Y a-t-il d’autres modèles d’organisation du travail de type plateforme qui vont se diffuser davantage en France ?

Oui, je pense aux modèles de type Uber ou Amazon Mechanical Turk qui sont des plateformes de production ou de services qui s’adressent principalement à des personnes sans qualification particulières. Ce modèle d’organisation du travail reste très profitable pour les entreprises qui les mettent en place, on l’a vu pendant la crise ! Il a encore de très beaux jours devant lui. En somme, on va connaître demain une coexistence de modèles d’organisation à la carte. Les entreprises choisiront celui qui conviendra le mieux à leur environnement et au contexte.

"L’organisation apprenante est un modèle particulièrement adapté à des environnements hautement imprévisibles"

Les impacts sociaux et économiques que j’ai décrits dans mon étude prospective sur les organisations du travail en 2030 seront énormes comme l’a été l’organisation taylorienne en son temps. Selon qu’on les aura ignorés ou bien anticipés, ils pourraient mettre en question la stabilité sociale et politique ou permettre de construire un avenir profitable au plus grand nombre.

L’entreprise apprenante fait partie de vos sujets de recherche. La crise renforce-t-elle la pertinence de ce modèle ?
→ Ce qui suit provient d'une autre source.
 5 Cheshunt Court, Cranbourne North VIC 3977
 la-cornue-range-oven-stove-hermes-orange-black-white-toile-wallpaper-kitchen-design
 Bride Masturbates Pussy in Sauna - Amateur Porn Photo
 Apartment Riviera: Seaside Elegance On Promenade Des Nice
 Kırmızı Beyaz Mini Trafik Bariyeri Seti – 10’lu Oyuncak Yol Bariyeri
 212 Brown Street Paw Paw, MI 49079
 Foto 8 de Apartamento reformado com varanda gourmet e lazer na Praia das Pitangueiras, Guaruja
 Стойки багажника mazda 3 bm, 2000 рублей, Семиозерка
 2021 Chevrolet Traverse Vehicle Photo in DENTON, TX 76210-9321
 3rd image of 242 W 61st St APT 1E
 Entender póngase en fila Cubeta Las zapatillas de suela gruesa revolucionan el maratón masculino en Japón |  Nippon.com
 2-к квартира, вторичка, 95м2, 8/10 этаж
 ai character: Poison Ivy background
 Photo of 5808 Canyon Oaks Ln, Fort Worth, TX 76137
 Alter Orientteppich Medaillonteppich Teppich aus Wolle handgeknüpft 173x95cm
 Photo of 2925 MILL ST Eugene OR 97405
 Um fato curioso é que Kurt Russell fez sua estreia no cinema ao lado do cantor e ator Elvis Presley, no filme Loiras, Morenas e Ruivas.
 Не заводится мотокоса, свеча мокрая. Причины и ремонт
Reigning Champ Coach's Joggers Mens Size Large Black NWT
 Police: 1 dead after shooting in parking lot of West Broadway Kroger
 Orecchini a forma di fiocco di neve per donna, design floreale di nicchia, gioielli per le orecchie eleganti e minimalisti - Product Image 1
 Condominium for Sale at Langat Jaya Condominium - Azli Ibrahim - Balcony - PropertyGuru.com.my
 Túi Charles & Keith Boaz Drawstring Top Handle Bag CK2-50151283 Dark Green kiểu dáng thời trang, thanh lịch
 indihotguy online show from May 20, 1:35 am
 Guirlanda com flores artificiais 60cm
L’organisation apprenante est un modèle qui vise à développer continuellement les capacités d’apprentissage de tous ces membres. Ce modèle est particulièrement adapté à des environnements hautement imprévisibles et le monde de demain sera de plus en plus instable, avec des changements parfois très brutaux (crises économiques successives, crises géopolitiques, concurrence accrue, percées technologiques…). Même si on est en retard en France sur ce modèle par rapport aux pays d’Europe du Nord et scandinaves, je pense que la crise a montré que ce modèle était non seulement possible, mais que c’était le modèle le plus adapté aux défis de demain. Plusieurs entreprises l’ont adopté bien avant la crise, comme Favi, une entreprise du secteur de la métallurgie basée dans la Somme, qui fait travailler ses salariés en équipes autonomes, tout en étant très performante dans son secteur. D’autres l’ont adopté durant la crise parfois sans même le savoir, à l’instar des hôpitaux. D’autres y songent sérieusement, que ce soit dans le secteur privé ou dans les collectivités territoriales.